Minister of Flood Control, Welfare of Plains Tribes and Backward Classes
- In office 21 March 1978 – 4 September 1979
- Chief Minister: Golap Borbora
- Succeeded by: Zahirul Islam

Member of Assam Legislative Assembly
- In office 1978–1983
- Preceded by: Constituency established
- Succeeded by: Puspadhar Pegu
- Constituency: Jonai
- In office 1967–1978
- Preceded by: Constituency established
- Succeeded by: Purna Chandra Bora
- Constituency: Dhemaji

Personal details
- Born: 21 July 1928
- Died: Unknown
- Party: Lokdal Janata Party Bharatiya Lok Dal Swatantra Party
- Spouse: Padmawati Kouli ​(m. 1956)​
- Children: 5
- Occupation: Politician

= Ramesh Mohan Kouli =

Indian politician

Ramesh Mohan Kouli (21 July 1928 – unknown) was an Indian politician and teacher from Assam who served as Minister of Flood Control from 1978 to 1979. He was the Member of Assam Legislative Assembly (MLA) for Dhemaji from 1967 to 1978 and for Jonai from 1978 to 1983.

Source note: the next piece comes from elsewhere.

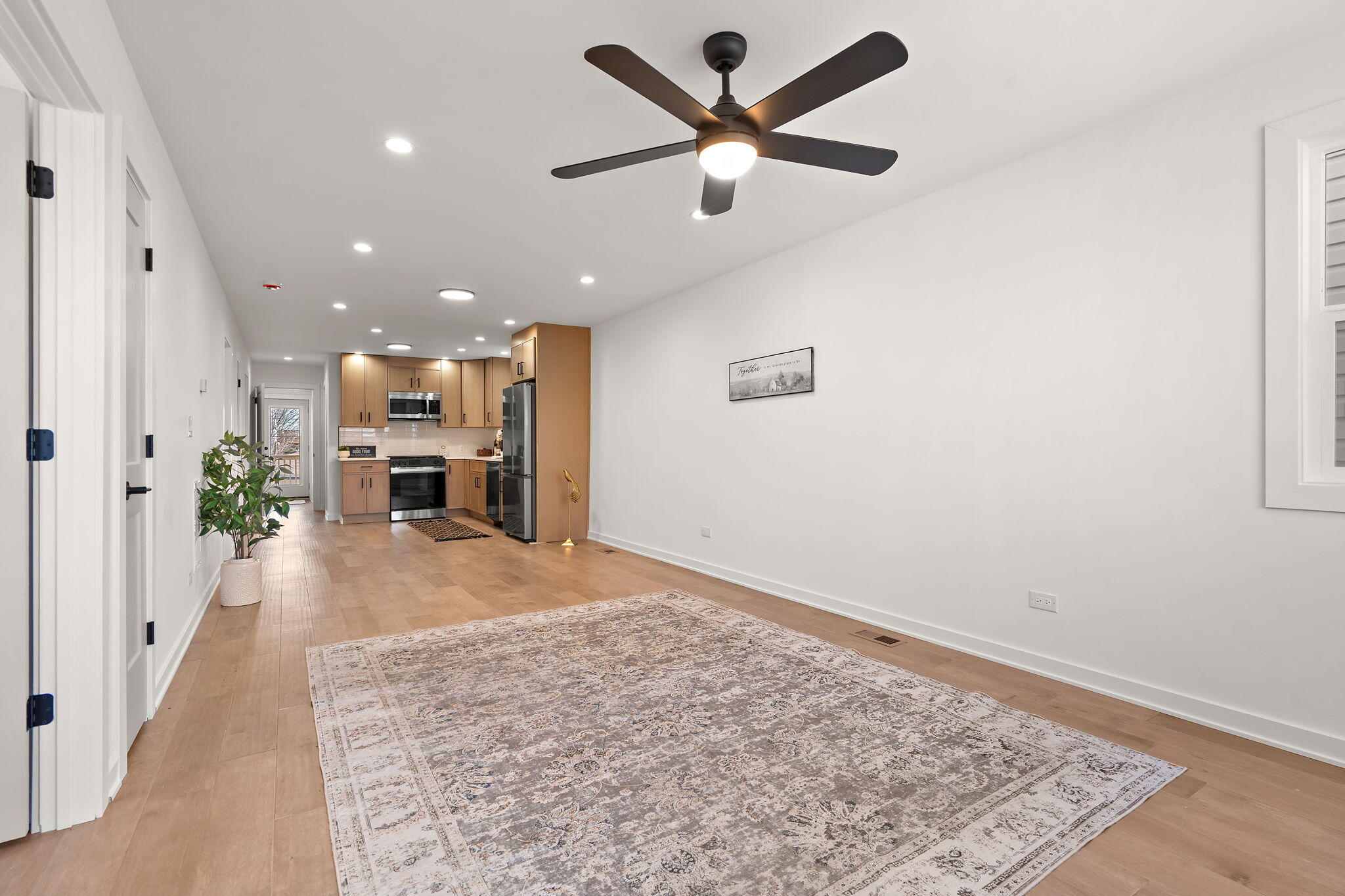 2017 Clark Street Whiting, IN 46394 - Photo 4 of 37 an empty room with wooden floor and a ceiling fan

== Early life and career ==
Kouli was born on 21 July 1928. He was general secretary of Dibrugarh HSK college from 1949 to 1950, and then headmaster of All Assam Miri High School from 1955 to 1956. Kouli was the founder teacher and headmaster of Dibrugarh Miching High School in 1962.

== Political career ==
Kouli was elected MLA for the Dhemaji in 1967 for the Swatantra Party, and was reelected in 1972. He was president of the Swatantra Party from 1966 to 1974, and then convenor and general secretary of the Bharatiya Lok Dal from 1974 to 1977. He joined the Janata Party in 1977, and was elected for the Jonai constituency in 1978. He was appointed Minister for Flood Control, Welfare of Plains Tribes, and Backward Classes under Golap Borbora in 1978.

Kouli later joined the Lokdal party and became president of Lok Dal (B) in Assam. In June 1988, the party merged with Congress (I), and Kouli met with Prime Minister Rajiv Gandhi, along with Kamala Bahuguna and Vijay Bahuguna as part of the merger.

== Family ==
Kouli married Padmawati Kouli in 1956, and they had three sons and two daughters together.